* _WHAT IS REQUIRED_
Once you find the line with "Automāts strādā labi" in the entries below, return exactly every line from it through the line with "2/158 The Esplanade, Burleigh Heads QLD 4220".

* _DATA SHOWN_
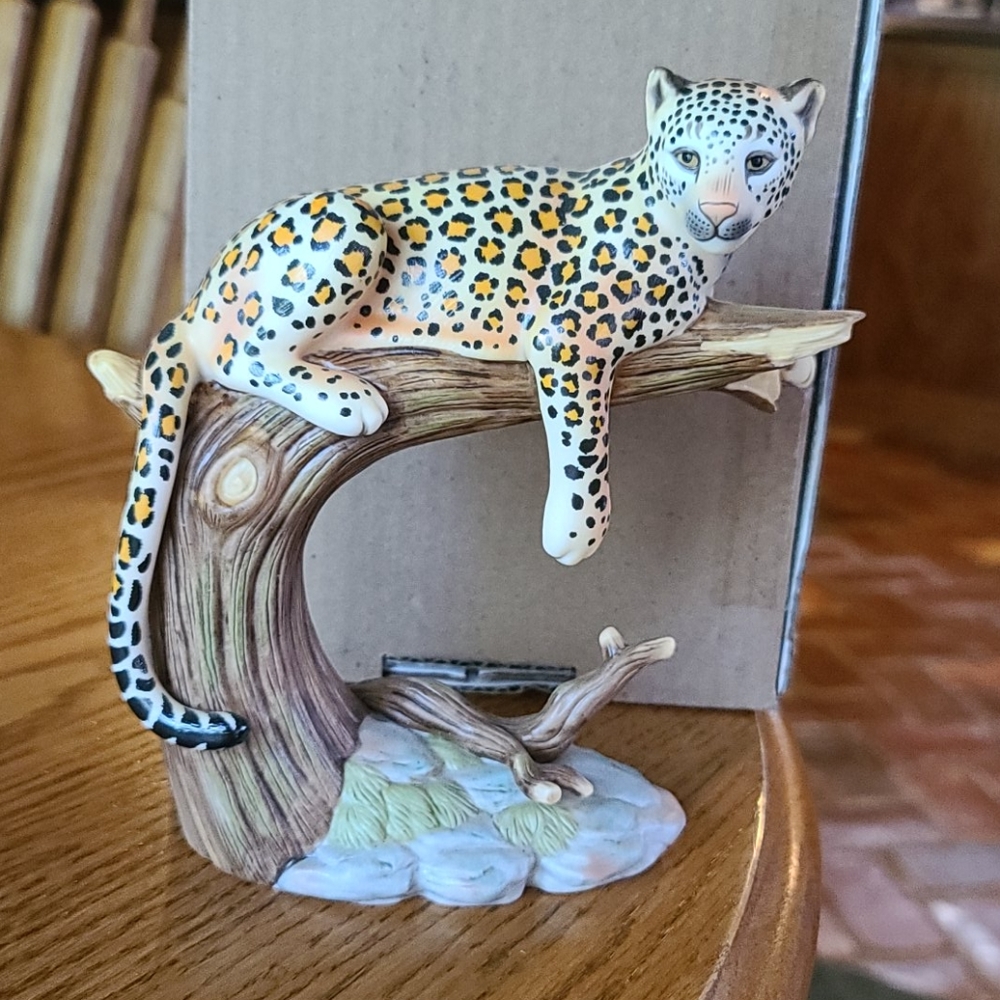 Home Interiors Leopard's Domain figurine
...
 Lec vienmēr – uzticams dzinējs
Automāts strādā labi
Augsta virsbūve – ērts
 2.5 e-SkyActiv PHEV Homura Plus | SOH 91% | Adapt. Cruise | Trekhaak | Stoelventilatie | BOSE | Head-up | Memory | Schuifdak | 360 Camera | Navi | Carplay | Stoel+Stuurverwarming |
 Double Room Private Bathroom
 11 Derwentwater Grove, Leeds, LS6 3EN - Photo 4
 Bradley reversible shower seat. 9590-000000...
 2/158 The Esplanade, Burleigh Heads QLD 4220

* _ANSWER FOR THIS EXERCISE_
Automāts strādā labi
Augsta virsbūve – ērts
 2.5 e-SkyActiv PHEV Homura Plus | SOH 91% | Adapt. Cruise | Trekhaak | Stoelventilatie | BOSE | Head-up | Memory | Schuifdak | 360 Camera | Navi | Carplay | Stoel+Stuurverwarming |
 Double Room Private Bathroom
 11 Derwentwater Grove, Leeds, LS6 3EN - Photo 4
 Bradley reversible shower seat. 9590-000000...
 2/158 The Esplanade, Burleigh Heads QLD 4220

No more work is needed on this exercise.